- Hebrew: פגע וברח
- Genre: Thriller; Action; Crime; Drama;
- Created by: Avi Issacharoff; Dawn Prestwich; Lior Raz; Nicole Yorkin;
- Written by: Avi Issacharoff; Dawn Prestwich; Lior Raz; Nicole Yorkin; Jessica Brickman; Ali Selim;
- Directed by: Mike Barker; Neasa Hardiman; Rotem Shamir;
- Starring: Lior Raz; Lior Ashkenazi; Sanaa Lathan; Kaelen Ohm; Igal Naor;
- Composer: Peter Raeburn
- Countries of origin: Israel; United States;
- Original languages: English; Hebrew;
- No. of seasons: 1
- No. of episodes: 9

Production
- Executive producers: Lior Raz; Mike Barker; Kimberlin Belloni; Peter Principato; Itay Reiss; Avi Issacharoff; Dawn Prestwich; Nicole Yorkin; David Hoberman; Todd Lieberman; Laurie Zaks;
- Production locations: Jerusalem, Israel; Tel Aviv, Israel; New York, United States;

Original release
- Network: Netflix
- Release: August 6, 2021

= Hit & Run (TV series) =

2021 Netflix Original television series

Hit & Run (פגע וברח) is an Israeli-American thriller television series created and written by Avi Issacharoff, Lior Raz, Dawn Prestwich, and Nicole Yorkin.
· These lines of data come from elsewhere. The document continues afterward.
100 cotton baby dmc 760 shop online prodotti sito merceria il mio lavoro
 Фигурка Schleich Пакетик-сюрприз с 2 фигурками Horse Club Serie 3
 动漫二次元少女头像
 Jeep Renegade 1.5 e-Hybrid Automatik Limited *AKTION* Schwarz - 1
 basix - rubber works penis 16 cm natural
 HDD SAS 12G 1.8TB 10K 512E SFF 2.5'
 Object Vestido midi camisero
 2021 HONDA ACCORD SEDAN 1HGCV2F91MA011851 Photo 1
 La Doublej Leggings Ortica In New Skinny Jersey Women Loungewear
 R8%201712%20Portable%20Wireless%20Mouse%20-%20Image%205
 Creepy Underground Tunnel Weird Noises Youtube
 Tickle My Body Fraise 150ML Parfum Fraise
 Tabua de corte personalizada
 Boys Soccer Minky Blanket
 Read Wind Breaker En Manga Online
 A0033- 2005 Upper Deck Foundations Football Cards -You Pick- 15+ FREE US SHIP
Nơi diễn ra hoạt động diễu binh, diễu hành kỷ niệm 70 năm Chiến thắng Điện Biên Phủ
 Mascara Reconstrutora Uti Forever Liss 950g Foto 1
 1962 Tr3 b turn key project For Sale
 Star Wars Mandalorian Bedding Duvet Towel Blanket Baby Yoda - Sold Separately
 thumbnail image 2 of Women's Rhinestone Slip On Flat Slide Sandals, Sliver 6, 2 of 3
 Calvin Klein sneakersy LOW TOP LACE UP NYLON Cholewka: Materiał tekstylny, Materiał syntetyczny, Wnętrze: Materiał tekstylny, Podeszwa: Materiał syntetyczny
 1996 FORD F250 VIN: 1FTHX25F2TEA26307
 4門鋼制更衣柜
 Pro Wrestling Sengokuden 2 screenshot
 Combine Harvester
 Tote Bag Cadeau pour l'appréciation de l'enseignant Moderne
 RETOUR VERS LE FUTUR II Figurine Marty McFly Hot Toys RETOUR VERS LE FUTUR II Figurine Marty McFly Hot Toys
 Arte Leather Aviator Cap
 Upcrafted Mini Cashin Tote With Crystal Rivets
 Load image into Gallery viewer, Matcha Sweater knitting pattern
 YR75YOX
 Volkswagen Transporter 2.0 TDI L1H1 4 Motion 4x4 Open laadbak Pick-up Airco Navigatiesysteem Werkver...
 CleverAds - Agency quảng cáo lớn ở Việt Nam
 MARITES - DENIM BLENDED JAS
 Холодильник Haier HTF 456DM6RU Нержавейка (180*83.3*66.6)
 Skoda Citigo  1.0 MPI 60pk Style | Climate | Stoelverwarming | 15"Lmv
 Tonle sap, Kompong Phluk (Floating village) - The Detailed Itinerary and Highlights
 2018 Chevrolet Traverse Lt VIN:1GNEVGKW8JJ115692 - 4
The series premiered on 6 August 2021 on Netflix. In September 2021, the series was canceled after one season.

== Synopsis ==
Hit and Run centers on a happily married man, Segev Azulai, whose life is turned upside down when his wife is killed in a mysterious hit and run accident in Tel Aviv. Grief-stricken and confused, he searches for his wife’s killers, who have fled to the U.S. With the help of an ex-lover, Naomi Hicks, he uncovers disturbing truths about his beloved wife and the secrets she kept from him.

== Episodes ==

| No. | Title | Directed by | Written by | Original release date |
|---|---|---|---|---|
| 1 | "Hit & Run" | Mike Barker | Nicole Yorkin & Dawn Prestwich and Lior Raz & Avi Issacharoff | August 6, 2021 |
| 2 | "Love & Loss" | Rotem Shamir | Story by : Nicole Yorkin & Dawn Prestwich and Lior Raz & Avi Issacharoff Teleplay by : Nicole Yorkin & Dawn Prestwich and Lior Raz & Avi Issacharoff and Lauren Mackenzie & Andrew Gettens | August 6, 2021 |
| 3 | "Friends & Foes" | Mike Barker | Lydia Woodward | August 6, 2021 |
| 4 | "Breaking & Entering" | Mike Barker | Wes Taylor | August 6, 2021 |
| 5 | "Flesh & Blood" | Neasa Hardiman | Jessica Brickman | August 6, 2021 |
| 6 | "Hide & Seek" | Neasa Hardiman | Ali Selim | August 6, 2021 |
| 7 | "Part & Parcel" | Neasa Hardiman | Lauren Mackenzie & Andrew Gettens | August 6, 2021 |
| 8 | "Prose & Cons" | Mike Barker | Wes Taylor | August 6, 2021 |
| 9 | "Search & Destroy" | Mike Barker | Story by : Nicole Yorkin & Dawn Prestwich and Lior Raz & Avi Issacharoff and Wes Taylor Teleplay by : Nicole Yorkin & Dawn Prestwich | August 6, 2021 |

== Production and distribution ==
Hit & Run was written by Avi Issacharoff, Lior Raz, Dawn Prestwich, and Nicole Yorkin. Mike Barker directed the pilot and three other episodes; Neasa Hardiman and Rotem Shamir directed 3 and 2 episodes, respectively. This is the first Netflix original series from Israel. On 20 September 2021, after mediocre streaming success, Netflix canceled the series after one season.

=== Release ===
On 12 July 2021, Netflix released the first trailer for the series. The series premiered on 6 August 2021.

== Reception ==
Daniel Feinberg panned the show, writing for The Hollywood Reporter that any "momentum Hit & Run builds in the early episodes - and it builds a tremendous amount - basically dissipates due to increasingly dumb narrative developments."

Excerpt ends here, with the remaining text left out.